Southern Africa Jewish Genealogy SA-SIG
Southern African Jewish Communities
Editor: Dr Saul Issroff
Copyright © 2003-2005 Saul Issroff, Mike Getz, SAfrica SIG
and Jewishgen Inc.
Updated: 17 April 2005
In October 2003, Manfred Schwartz wrote about Bulawayo in the 1950's:
When the layout of Bulawayo was being decided on, Cecil Rhodes insisted that the streets be wide enough to allow a wagon and full span of oxen to turn around. Another suggestion was that the streets as well as the avenues had names and numbers. Thus if the address would be 123 First Street an added instruction was given such as, between 7th and 8th Avenues this pin pointed the building precisely.

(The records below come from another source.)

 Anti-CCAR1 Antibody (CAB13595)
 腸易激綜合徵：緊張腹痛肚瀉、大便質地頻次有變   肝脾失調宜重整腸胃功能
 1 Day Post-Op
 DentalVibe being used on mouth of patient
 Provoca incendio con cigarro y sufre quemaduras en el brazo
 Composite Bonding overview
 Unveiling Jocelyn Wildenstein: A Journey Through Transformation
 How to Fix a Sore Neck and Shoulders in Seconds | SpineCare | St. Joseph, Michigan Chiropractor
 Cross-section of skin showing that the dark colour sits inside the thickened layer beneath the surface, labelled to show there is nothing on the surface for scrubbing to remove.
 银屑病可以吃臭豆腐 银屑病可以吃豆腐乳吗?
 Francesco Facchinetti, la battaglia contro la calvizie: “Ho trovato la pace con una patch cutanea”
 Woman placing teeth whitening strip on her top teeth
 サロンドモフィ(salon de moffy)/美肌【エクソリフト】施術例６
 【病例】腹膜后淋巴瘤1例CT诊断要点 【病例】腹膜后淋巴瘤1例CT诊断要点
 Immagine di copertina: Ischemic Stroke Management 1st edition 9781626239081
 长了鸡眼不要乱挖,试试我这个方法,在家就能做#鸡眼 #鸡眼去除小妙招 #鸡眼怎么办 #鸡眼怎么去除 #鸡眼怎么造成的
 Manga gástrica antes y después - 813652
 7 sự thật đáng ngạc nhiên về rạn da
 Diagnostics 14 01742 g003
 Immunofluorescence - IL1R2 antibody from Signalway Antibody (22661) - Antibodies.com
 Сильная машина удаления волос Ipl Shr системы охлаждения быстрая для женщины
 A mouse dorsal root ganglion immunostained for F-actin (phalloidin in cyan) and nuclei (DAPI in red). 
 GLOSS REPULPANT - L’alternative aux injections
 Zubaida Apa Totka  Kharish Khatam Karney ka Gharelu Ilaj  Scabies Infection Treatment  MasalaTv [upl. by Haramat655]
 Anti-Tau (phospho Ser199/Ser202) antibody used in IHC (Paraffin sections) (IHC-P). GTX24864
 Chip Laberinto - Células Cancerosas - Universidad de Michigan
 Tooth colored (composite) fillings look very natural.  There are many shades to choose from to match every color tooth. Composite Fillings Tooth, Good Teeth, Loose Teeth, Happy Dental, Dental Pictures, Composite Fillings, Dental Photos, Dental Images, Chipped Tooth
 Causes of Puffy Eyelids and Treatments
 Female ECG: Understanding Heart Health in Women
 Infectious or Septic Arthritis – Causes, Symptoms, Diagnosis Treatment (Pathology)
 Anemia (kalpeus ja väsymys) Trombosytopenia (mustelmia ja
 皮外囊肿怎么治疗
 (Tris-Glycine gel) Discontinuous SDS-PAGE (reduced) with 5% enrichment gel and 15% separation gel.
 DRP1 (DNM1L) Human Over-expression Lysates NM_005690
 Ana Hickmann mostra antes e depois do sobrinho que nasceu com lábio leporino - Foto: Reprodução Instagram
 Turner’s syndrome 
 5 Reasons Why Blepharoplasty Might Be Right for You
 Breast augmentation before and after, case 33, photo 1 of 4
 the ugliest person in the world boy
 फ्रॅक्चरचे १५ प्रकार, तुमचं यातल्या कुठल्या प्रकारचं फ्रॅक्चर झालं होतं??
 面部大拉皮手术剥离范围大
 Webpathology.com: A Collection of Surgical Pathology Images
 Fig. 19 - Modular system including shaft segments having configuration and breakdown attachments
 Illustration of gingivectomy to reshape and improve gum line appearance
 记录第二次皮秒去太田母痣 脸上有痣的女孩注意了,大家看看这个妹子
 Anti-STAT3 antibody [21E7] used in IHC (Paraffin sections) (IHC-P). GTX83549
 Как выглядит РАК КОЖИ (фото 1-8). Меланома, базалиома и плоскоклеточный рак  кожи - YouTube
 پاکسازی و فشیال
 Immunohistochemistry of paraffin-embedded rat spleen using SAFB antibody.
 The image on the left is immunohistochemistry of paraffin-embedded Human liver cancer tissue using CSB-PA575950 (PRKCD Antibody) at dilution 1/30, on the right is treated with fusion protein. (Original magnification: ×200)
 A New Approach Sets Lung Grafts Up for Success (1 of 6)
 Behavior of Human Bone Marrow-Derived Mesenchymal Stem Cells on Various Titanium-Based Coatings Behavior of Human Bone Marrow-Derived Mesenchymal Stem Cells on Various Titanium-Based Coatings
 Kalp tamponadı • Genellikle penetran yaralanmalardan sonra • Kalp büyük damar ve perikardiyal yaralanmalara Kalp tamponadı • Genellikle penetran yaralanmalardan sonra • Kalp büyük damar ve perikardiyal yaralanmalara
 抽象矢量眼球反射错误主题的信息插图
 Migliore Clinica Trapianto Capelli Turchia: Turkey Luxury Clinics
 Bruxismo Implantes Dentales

Harry Shur as an early resident of Southern Rhodesia naturally was friendly with Meikle (string of shops and hotels) who stipulated in his will that Shur enjoy at any and all his hotels free accommodation for life.
Harry Shur stored his hides etc. at his large site out at the industrial sites, (the boundary fences was composed of hessian woven cloth, nothing was ever stolen from his yard) where he stored bones and horns, the pile had accumulated over scores of years. Eventually in about 1950 some Rumanian industrialists interested in glue factories bought the mountain paying at that time the unheard of figure of ￡25,000.
Issy Haimowitz in his early days was employed by Harry as his bookkeeper, who would go through his cheque book stubs and tell Issy what he paid and all the particulars of each and every deal from memory. Paragha, his Matabele chauffeur, driver and traveling companion was his righthand man and manager. After so many scores of years of working together they had built up an unique relationship. It is not known if Paragha could speak English but they certainly conversed in Matabele, which is virtually Zulu. As Harry could not read or write English he was said to be ignorant and illiterate. Quite the contrary for he had been a Yeshiva Bocher in the Old Country and was well versed in both Hebrew and Yiddish which he could read and write. He never married and his large estate was left to many charities.
In those years every general dealer would have men working at sewing machines making khaki shorts and other clothing items either in the shop itself or on the verandahs in good weather. Another particular aspect was that in clothing factories all the machinists would be young men, unlike in South Africa where women did this type of work. The majority of the clothing as well as the textile factories were owned by Jews. In the years just after WW-II import permits were required for American and other dollar-sourced goods. Funds on the other hand were available for any products provided from Sterling areas, Before the war many German and other Jews seeking asylum from the Nazis were able to enter South Africa and Southern Rhodesia. However when the low quotas set for these Immigrants were reached no more were allowed in. Fortunately the British Protectorates, e.g. Swaziland, Bechuanaland and Northern Rhodesia allowed a small number to enter and settle. There were a number from the Baltic States who went to Livingstone near the Victoria Falls, and Lusaka and Ndola.
Bulawayo Shul - 100 years of Jewish history goes up in smoke
A graphic description of the tragedy by fire which befell the Bulawayo Hebrew Congregation
and their synagogue on 4th October 2003 is in our Synagogues section.
A list of names compiled by Manfred Schwartz
This list covers the period April 1949 to December 1956.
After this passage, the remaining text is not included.